Kolomyika [kolomyjka]. The most popular form of Ukrainian folk ditty. It consists usually of two rhyming lines with a set rhythmic pattern: a 14-syllable line with feminine ending and a caesura after the eighth syllable (4 + 4 + 6). Kolomyiky are widespread throughout Ukraine. The Carpathian Hutsul region, however, is considered their epicenter, and the name is believed to be derived from the Hutsul city of Kolomyia.
Tens of thousands kolomyiky have been transcribed and published. The oldest transcriptions are in 16th-century compilations of songs for the lute. The oldest written text—‘Chy ia tobi nemovyla, ne bery voloshky’ (‘Didn't I Tell You, Don't Take a Wallachian Girl’)—is found in a 1659 Polish letter from M. Zamoyska to King Jan III Sobieski. Thousands of kolomyiky were written down and studied in the 19th century by Ukrainian and Polish ethnographers (Zorian Dołęga-Chodakowski, Platon Lukashevych, Pavlo Chubynsky, Yakiv Holovatsky, Volodymyr Shukhevych, and others). The largest number (8,622) is in Volodymyr Hnatiuk's Kolomyiky (3 vols, 1905–7). N. Shumada and Z. Vasylenko's Kolomyiky (1969) contains 4,814 texts and 452 melodies.

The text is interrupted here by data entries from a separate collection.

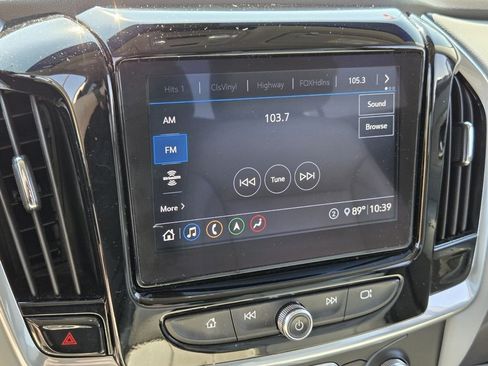 Used 2020 Chevrolet Traverse LT w/ LT Premium Package AWD/4WD image 22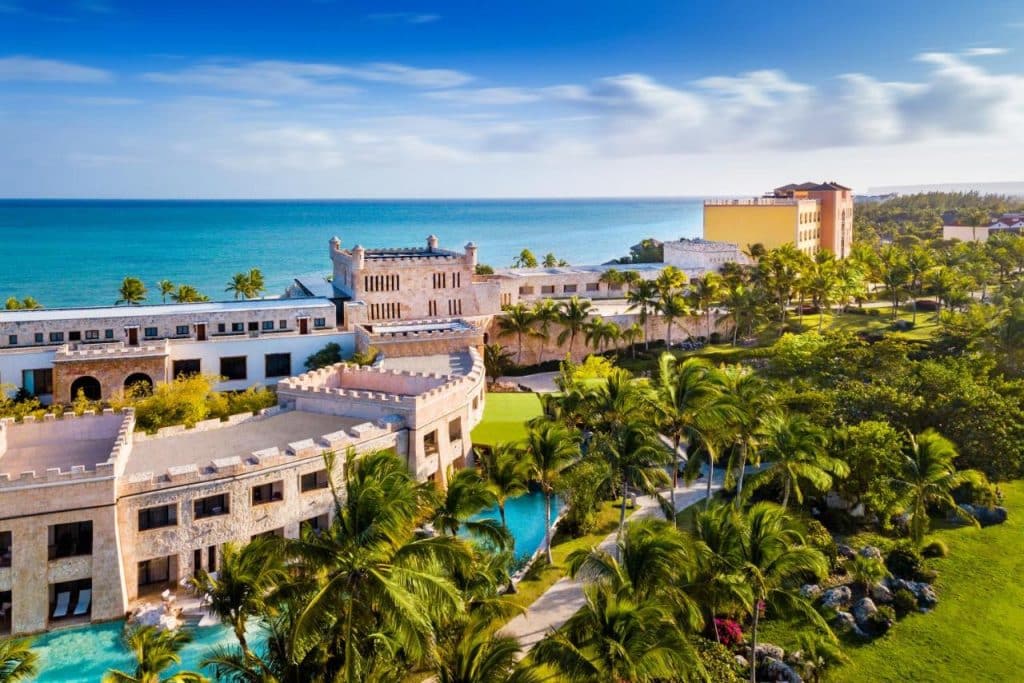 The Dominican Republic's 5 most luxurious resorts in 2023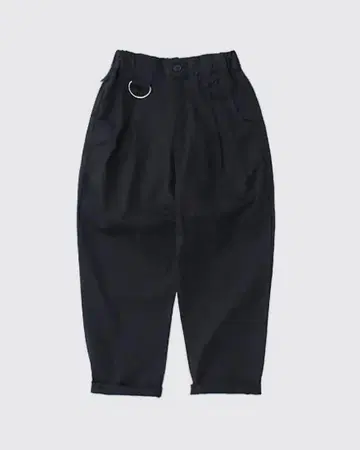 FAKIE STANCE / D-50 Chino BLK L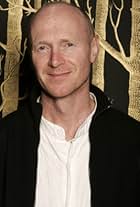 Photo of Paul LavertyPaul Laverty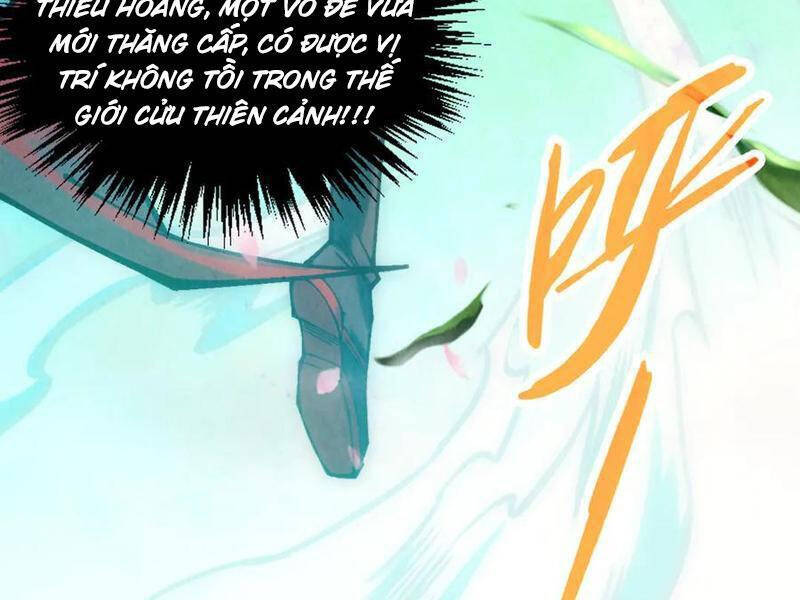 Vạn Cổ Chí Tôn Chap 375 - Next Chap 376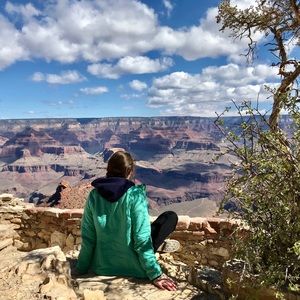 Meet your Posher, Catherine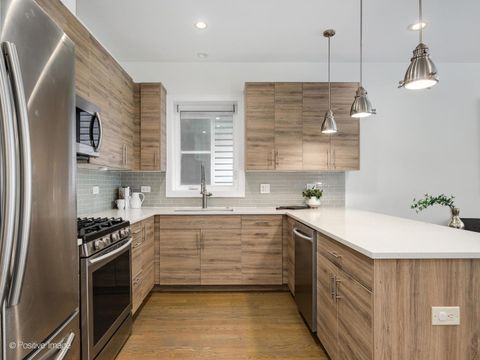 Tiny photo for Chicago, IL 60608 (MLS # 12473091)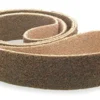 porter-cable 712400605 2-1/2-inch x 14-inch multi-purpose 60 grit abrasive sanding belts (5-pack)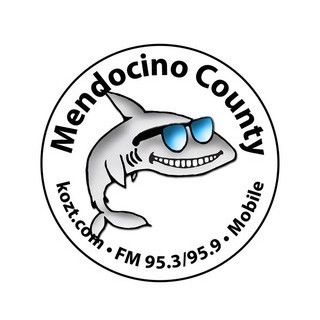 KOZT The Coast 95.3 FM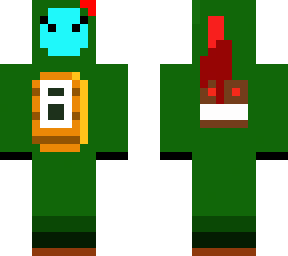 the survivor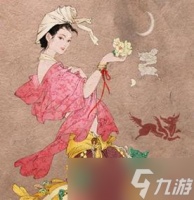 聊斋搜灵录婴宁 以搜集妖魔为主的冒险游戏
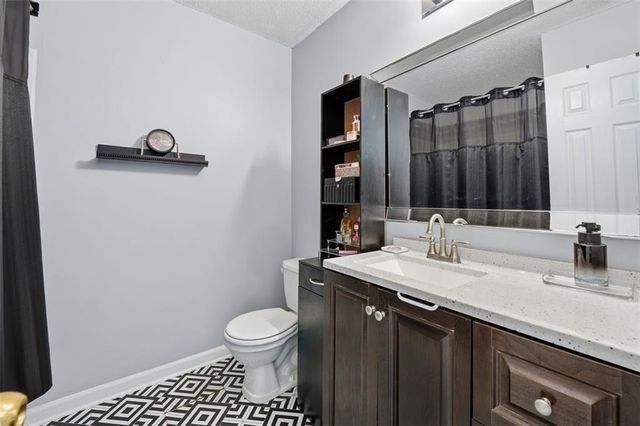 166 Odyssey Turn, Conyers, GA 30012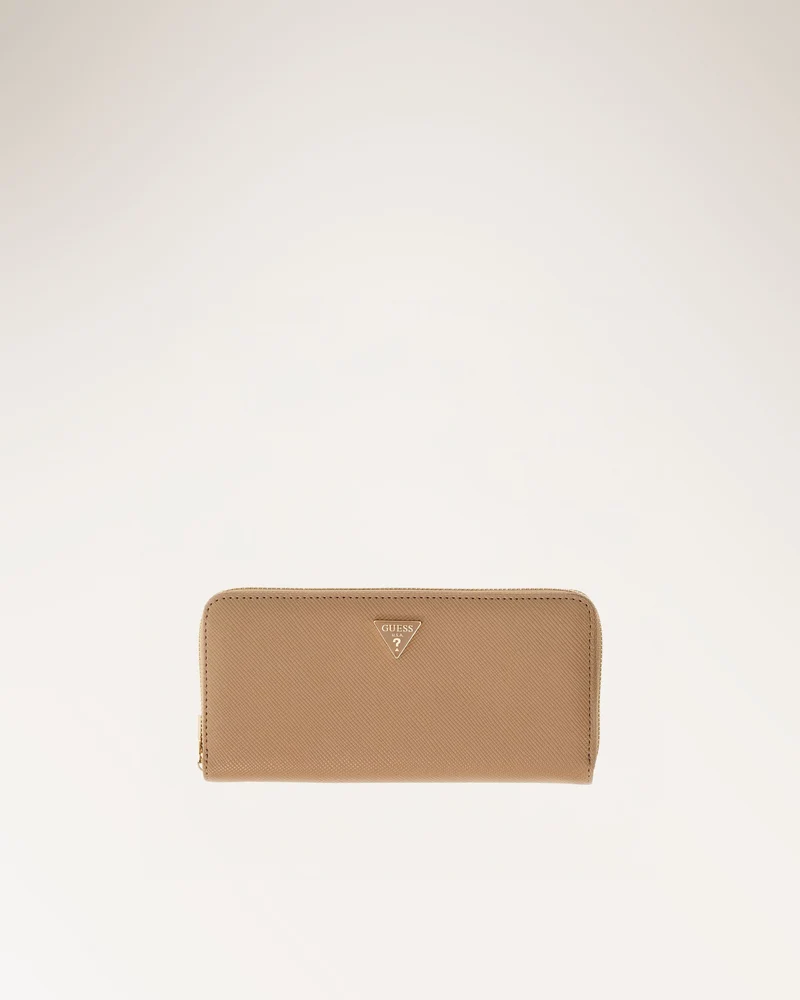 Gilda Slg Large Zip Around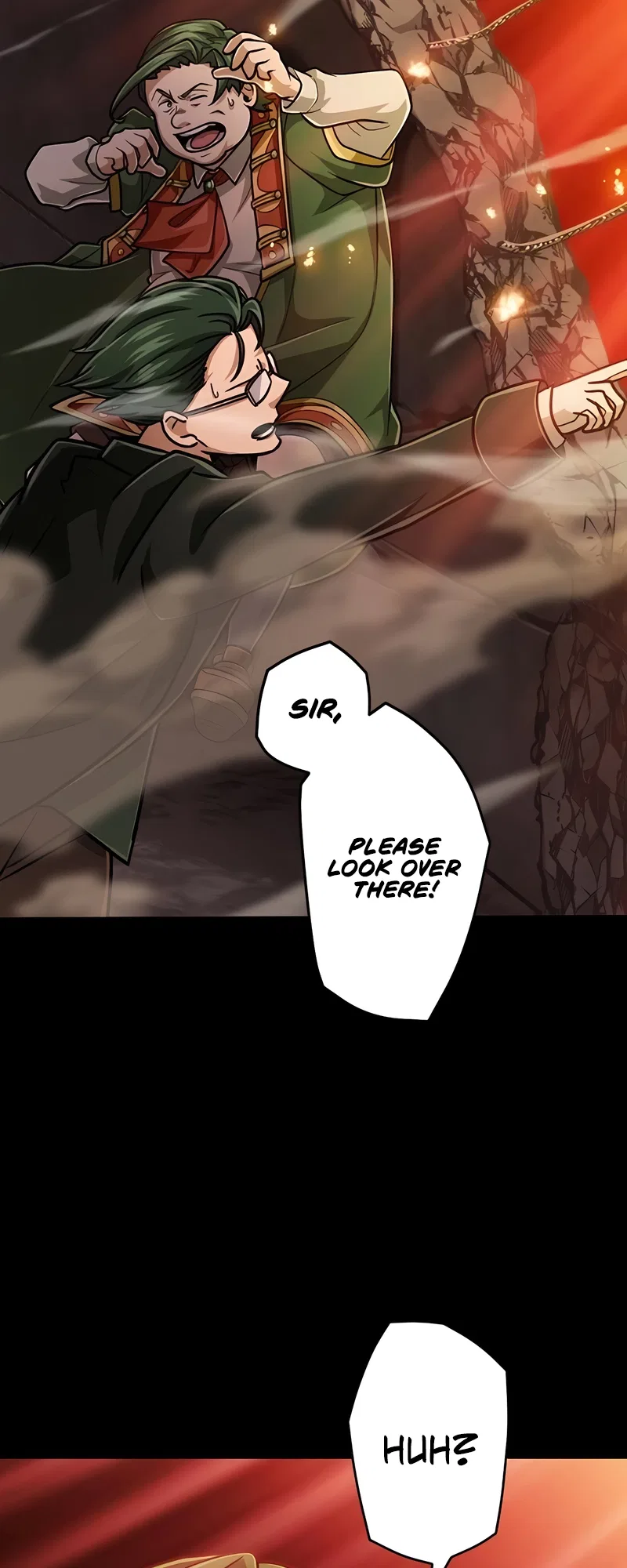The Max Magic Level Great Sage’s Return Chapter 33 – Page 61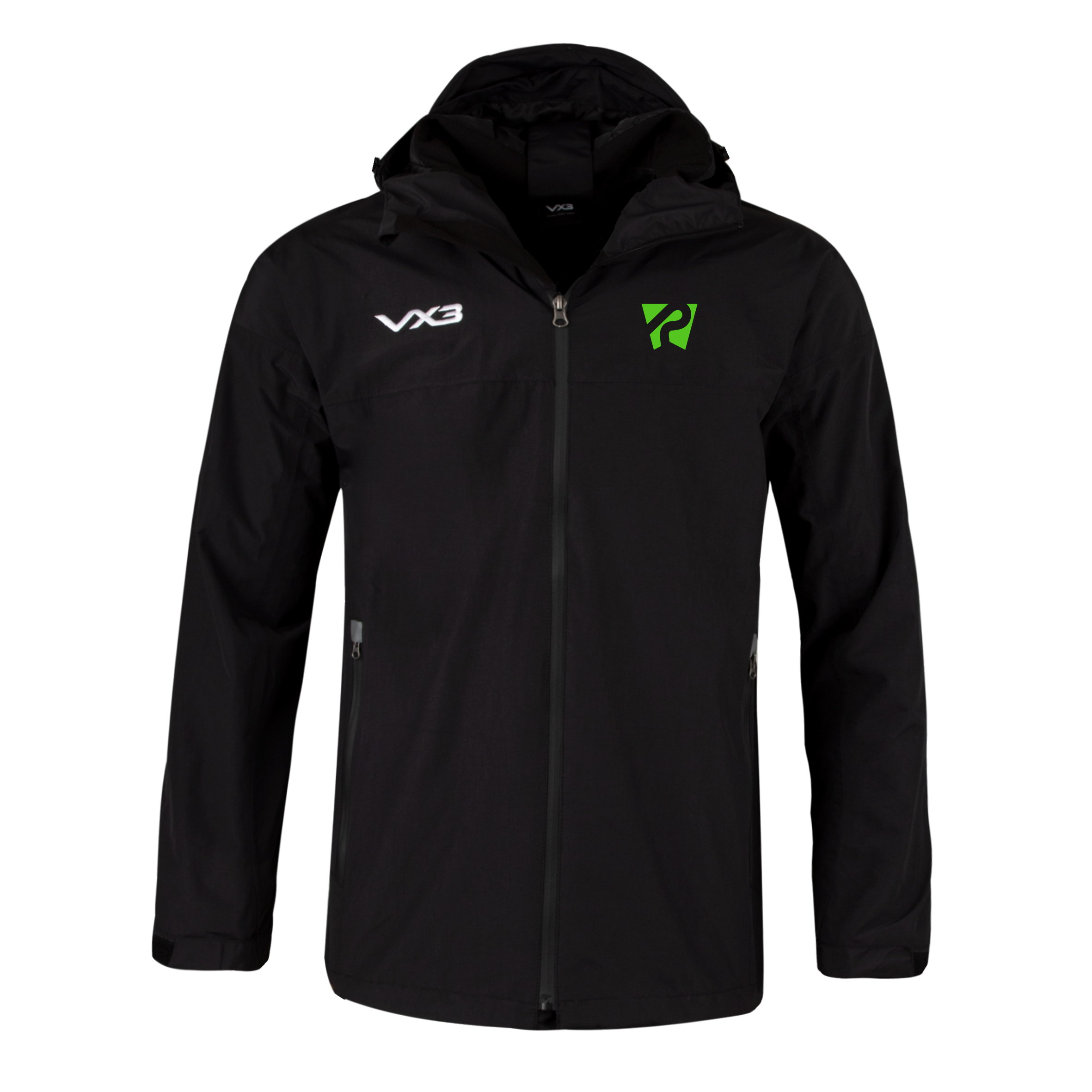 Raceworld - Devon Kart Club Protego Waterproof Jacket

Kolomyiky treat literally every facet of everyday folk life, both familial and social, in a humorous fashion. Kolomyiky were one of the few folk-song genres improvised in Soviet Ukraine. These versions, however, while also heavily propagandistic, were often similar to the Russian chastushka and were studied in the Soviet Union with the latter as one genre, downplaying the uniquely Ukrainian character of the kolomyiky.